3. Quanto maior progresso fizer cada um na unidade e simplificação interior, tanto mais
numerosas e mais sublimes coisas entenderá sem esforço, porque do alto receberá a luz da
inteligência. A alma pura, simples e constante não se dissipa ainda que entenda em muitas
ocupações; porque todas refere à glória de Deus e, tranqüila, em coisa alguma busca a si
própria. Que há que mais te embarace e perturbe do que os afetos imortificados de teu coração?

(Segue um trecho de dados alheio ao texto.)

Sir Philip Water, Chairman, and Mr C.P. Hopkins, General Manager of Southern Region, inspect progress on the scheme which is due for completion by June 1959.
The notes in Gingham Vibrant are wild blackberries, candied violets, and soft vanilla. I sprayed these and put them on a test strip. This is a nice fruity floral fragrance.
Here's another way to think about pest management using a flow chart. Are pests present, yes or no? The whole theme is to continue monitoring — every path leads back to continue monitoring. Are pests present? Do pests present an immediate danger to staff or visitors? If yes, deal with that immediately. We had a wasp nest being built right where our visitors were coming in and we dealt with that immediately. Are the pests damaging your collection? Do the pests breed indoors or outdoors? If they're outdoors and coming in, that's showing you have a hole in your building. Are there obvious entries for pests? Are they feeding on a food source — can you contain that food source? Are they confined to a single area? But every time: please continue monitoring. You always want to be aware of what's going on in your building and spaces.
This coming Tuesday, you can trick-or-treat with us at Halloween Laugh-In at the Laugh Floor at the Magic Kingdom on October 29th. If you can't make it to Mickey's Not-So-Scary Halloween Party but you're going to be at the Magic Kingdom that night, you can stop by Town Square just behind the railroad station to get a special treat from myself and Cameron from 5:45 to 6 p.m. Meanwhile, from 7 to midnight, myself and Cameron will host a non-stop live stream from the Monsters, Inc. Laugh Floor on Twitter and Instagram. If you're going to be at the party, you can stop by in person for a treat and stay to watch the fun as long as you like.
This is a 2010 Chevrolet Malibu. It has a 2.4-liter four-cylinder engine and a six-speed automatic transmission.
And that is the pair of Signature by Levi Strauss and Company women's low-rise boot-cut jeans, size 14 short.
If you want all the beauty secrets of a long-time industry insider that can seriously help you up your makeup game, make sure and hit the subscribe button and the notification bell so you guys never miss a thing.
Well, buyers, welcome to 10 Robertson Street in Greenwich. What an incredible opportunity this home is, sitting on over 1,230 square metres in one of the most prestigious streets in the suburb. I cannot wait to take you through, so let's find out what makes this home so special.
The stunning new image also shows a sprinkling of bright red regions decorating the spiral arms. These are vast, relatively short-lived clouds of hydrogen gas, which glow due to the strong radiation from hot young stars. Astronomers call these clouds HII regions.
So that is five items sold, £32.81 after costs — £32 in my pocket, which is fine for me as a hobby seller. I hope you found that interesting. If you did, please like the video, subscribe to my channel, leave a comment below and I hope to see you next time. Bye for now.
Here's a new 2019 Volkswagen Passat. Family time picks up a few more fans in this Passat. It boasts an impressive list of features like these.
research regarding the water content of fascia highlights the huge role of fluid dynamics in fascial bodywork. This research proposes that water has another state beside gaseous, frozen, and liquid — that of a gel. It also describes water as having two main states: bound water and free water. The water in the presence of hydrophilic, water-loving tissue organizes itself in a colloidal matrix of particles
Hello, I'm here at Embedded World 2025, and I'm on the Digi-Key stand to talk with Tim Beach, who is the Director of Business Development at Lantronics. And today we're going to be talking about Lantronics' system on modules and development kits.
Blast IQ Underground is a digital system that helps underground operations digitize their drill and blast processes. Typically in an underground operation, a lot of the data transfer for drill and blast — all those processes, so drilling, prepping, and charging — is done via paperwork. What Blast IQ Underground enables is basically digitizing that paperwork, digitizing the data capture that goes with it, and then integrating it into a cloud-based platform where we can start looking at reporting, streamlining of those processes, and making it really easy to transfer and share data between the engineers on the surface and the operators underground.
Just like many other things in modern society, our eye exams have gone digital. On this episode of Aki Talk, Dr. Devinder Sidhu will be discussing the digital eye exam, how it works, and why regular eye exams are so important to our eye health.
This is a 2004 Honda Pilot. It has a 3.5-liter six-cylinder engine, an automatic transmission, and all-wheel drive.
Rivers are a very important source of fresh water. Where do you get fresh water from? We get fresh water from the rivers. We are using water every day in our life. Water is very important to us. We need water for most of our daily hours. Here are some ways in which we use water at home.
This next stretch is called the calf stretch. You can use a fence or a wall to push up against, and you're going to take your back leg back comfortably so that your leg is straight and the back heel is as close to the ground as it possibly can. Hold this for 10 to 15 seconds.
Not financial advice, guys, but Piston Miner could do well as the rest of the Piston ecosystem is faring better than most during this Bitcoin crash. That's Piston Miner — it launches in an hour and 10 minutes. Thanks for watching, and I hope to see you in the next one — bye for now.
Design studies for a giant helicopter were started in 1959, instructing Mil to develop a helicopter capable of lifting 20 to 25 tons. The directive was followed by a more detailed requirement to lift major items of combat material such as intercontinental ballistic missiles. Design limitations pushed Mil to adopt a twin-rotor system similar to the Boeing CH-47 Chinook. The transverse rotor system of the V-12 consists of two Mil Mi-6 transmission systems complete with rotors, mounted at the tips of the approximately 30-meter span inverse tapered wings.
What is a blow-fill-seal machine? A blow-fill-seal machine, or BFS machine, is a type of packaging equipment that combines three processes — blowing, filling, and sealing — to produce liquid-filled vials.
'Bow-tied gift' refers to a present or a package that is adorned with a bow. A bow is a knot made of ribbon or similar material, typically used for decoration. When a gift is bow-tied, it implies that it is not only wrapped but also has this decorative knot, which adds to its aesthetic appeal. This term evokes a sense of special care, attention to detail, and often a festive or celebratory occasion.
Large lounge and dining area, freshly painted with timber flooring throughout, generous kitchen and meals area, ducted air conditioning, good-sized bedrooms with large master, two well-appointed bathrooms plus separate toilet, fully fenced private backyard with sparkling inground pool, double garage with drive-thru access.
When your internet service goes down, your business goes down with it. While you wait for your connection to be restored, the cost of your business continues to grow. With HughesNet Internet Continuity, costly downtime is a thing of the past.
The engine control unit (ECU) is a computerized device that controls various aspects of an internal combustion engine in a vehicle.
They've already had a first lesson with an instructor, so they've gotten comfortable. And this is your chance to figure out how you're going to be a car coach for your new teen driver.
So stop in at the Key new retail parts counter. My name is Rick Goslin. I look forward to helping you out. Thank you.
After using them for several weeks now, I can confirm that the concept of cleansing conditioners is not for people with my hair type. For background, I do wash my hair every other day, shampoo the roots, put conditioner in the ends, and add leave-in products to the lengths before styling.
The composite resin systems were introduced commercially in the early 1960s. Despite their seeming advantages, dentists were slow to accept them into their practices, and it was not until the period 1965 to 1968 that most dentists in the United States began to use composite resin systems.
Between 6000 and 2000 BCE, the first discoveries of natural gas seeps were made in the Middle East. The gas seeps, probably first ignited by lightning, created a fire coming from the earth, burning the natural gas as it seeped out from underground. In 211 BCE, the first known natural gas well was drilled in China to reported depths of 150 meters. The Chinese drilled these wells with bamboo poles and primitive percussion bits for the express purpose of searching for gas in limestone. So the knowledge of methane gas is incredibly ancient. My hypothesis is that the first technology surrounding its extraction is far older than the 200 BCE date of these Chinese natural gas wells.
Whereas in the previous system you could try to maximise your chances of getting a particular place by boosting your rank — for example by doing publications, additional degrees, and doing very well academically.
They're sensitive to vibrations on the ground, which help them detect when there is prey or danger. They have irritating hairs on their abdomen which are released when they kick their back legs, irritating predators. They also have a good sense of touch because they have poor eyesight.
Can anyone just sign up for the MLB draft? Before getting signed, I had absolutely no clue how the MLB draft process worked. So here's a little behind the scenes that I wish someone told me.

O homem bom temente a Deus dispõe primeiro no seu interior as obras que depois há de fazer
externamente; assim elas não o arrastam ao desejo de alguma inclinação viciosa mas ele as
submete ao arbítrio da reta razão. Quem peleja com mais vigor do que aquele que trabalha por
vencer a si mesmo? Este deverá ser o nosso maior empenho: vencermo-nos a nós mesmos,
tornarmo-nos cada dia mais fortes e fazermos algum progresso no bem.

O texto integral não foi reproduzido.